Third. The application by the relators to the said board of supervisors to subscribe the stock and issue the bonds in pursuance of the vote set forth in the affidavit of the relators, not having been made for more than five years after the vote was taken, is a waiver and abandonment of the right of the relators under said vote. And said application now comes too late.

Fourth. It is a matter of discretion with the said board of supervisors whether they will issue the bonds and make the subscription in pursuance of the vote.

Fifth. The Peoria and Oquawka Railroad Company are not the proper parties to be relators.

People ex rel. Peoria and Oquawka R. R. Co. v. County of Tazewell et al.

Sixth. That the relators have mortgaged their road for more than its worth since the vote has been taken, and have no longer the legal title to the same.

Seventh. The company have become insolvent, and if a subscription is made, the stock would be worthless.

Eighth. The vote mentioned and set forth in the affidavit of the relators is void, because it does not comply with the act under which the vote was taken, and is conditional.

Ninth. The vote mentioned in the affidavit of the relators is void in not conforming to the act under which the vote was taken, the act allowing the judges of the County Court, or board of supervisors, to pay for the stock purchased either by borrowing money or by issuing bonds, as said board deem most advisable. The vote allows the issuing of bonds only, and deprives the board of supervisors of a discretion conferred by the act, and is therefore void.

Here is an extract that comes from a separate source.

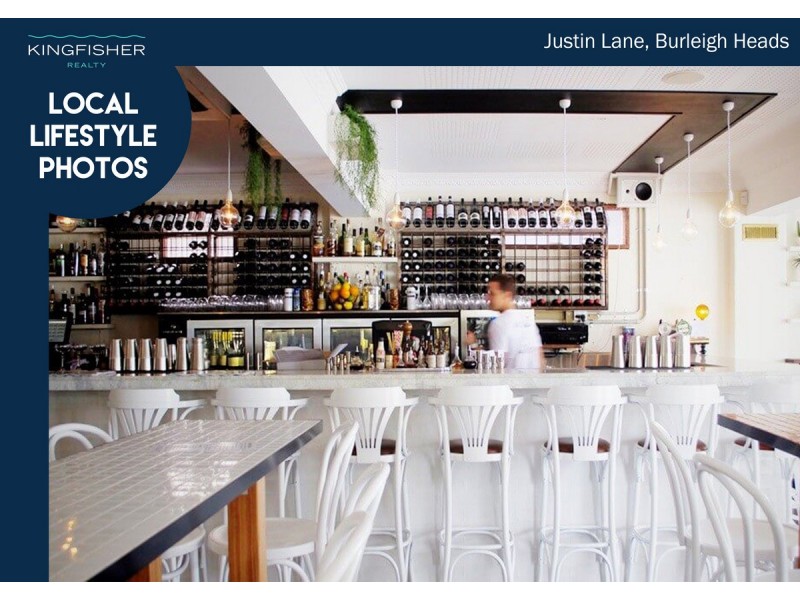 34 Gardendale Crescent, Burleigh Waters QLD 4220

Tenth. The vote mentioned in the affidavit of the relators is void, for the reason that the vote was taken to subscribe to two roads at the same time.

The relators, to these objections filed the following traverse and demurrer:

And now come the said relators, and for traverse of so much of said defendant's return, numbered and marked "First," they say, that the said law of the said State of Illinois was such a law as was contemplated and included within the meaning and spirit of the proclamation, convening the said special session of the General Assembly, as will appear by the said proclamation, a certified copy whereof is hereto attached and made part of this traverse. And the relators further say, that the General Assembly of the State of Illinois, as appears by the statutes of the State, have subsequently recognized, approved, ratified, and in substance re-enacted said law; as by reference to the several acts of the said General Assembly will fully appear.

And as to so much of the said return marked "Third," they say, by way of traverse and also by way of demurrer to the said portion of said return, that the same is untrue in fact-inasmuch as it appears from the certified copies of the records filed with the relators' petition, that five years had not elapsed between the time of said vote being taken and the present application to the defendants to subscribe to said stock and issue their said bonds. And also, that a similar application for said subscription and for the issuing of said bonds had been made on the 7th day of March, A. D. 1854, as appears by the record attached to the petition in said cause.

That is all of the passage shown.